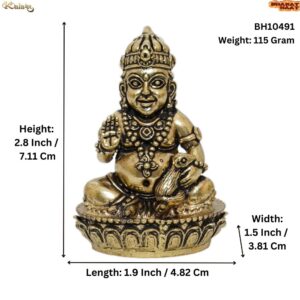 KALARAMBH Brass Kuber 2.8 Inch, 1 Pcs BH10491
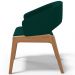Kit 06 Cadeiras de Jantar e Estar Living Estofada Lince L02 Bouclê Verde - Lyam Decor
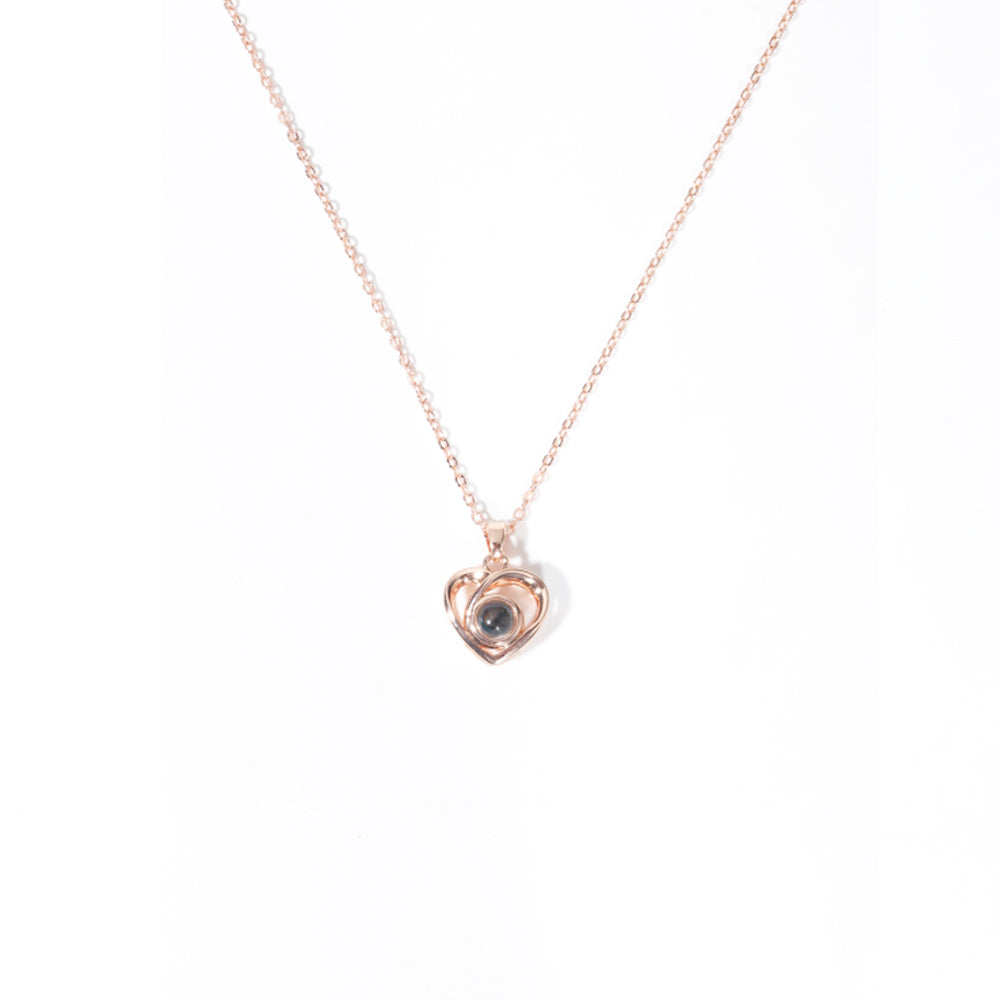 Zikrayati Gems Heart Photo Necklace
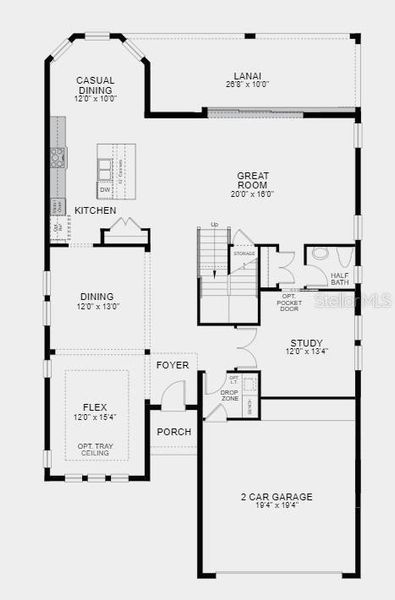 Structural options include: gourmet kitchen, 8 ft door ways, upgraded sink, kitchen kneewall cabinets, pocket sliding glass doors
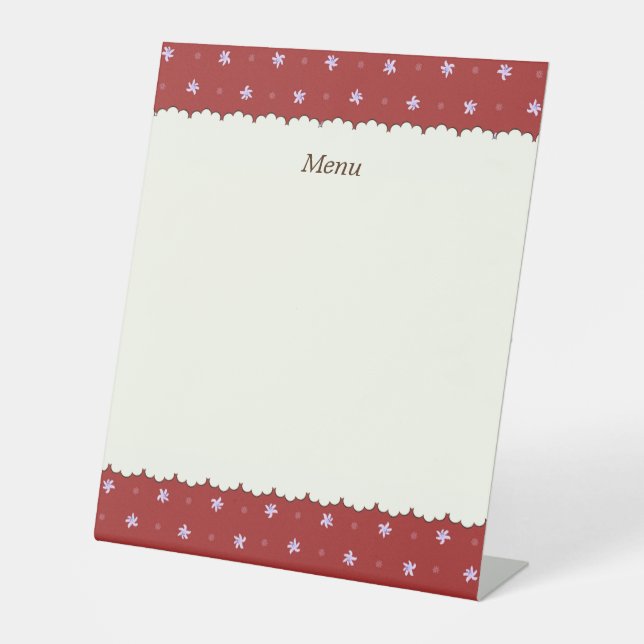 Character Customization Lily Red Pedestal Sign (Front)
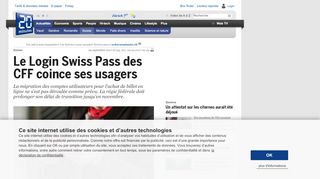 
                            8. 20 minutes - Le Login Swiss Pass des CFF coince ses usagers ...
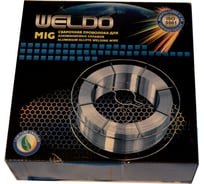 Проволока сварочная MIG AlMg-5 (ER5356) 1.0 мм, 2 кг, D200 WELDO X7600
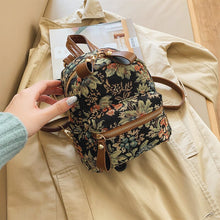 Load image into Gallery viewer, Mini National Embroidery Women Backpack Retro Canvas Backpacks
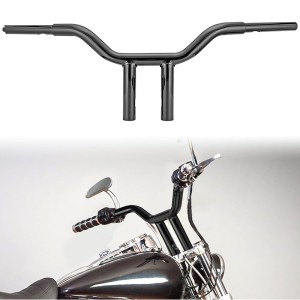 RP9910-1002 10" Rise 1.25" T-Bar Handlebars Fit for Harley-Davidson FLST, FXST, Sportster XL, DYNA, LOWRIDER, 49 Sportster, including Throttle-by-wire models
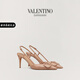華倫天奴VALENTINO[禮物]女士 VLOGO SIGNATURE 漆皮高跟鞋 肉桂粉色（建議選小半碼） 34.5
━━━━━━━━
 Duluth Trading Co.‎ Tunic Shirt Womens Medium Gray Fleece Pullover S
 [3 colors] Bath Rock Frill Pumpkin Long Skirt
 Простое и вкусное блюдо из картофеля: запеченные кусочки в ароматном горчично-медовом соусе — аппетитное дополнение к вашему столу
━━━━━━━━
Take the material above from the line containing "Character Customization Lily" up to and including the line containing "華倫天奴VALENTINO[禮物]女士 VLOGO SIGNATURE" and retype it exactly, without any pictures.

 Character Customization Lily Red Pedestal Sign (Front)
                            8. 20 minutes - Le Login Swiss Pass des CFF coince ses usagers ...
 Проволока сварочная MIG AlMg-5 (ER5356) 1.0 мм, 2 кг, D200 WELDO X7600
 Load image into Gallery viewer, Mini National Embroidery Women Backpack Retro Canvas Backpacks
 RP9910-1002 10" Rise 1.25" T-Bar Handlebars Fit for Harley-Davidson FLST, FXST, Sportster XL, DYNA, LOWRIDER, 49 Sportster, including Throttle-by-wire models
華倫天奴VALENTINO[禮物]女士 VLOGO SIGNATURE 漆皮高跟鞋 肉桂粉色（建議選小半碼） 34.5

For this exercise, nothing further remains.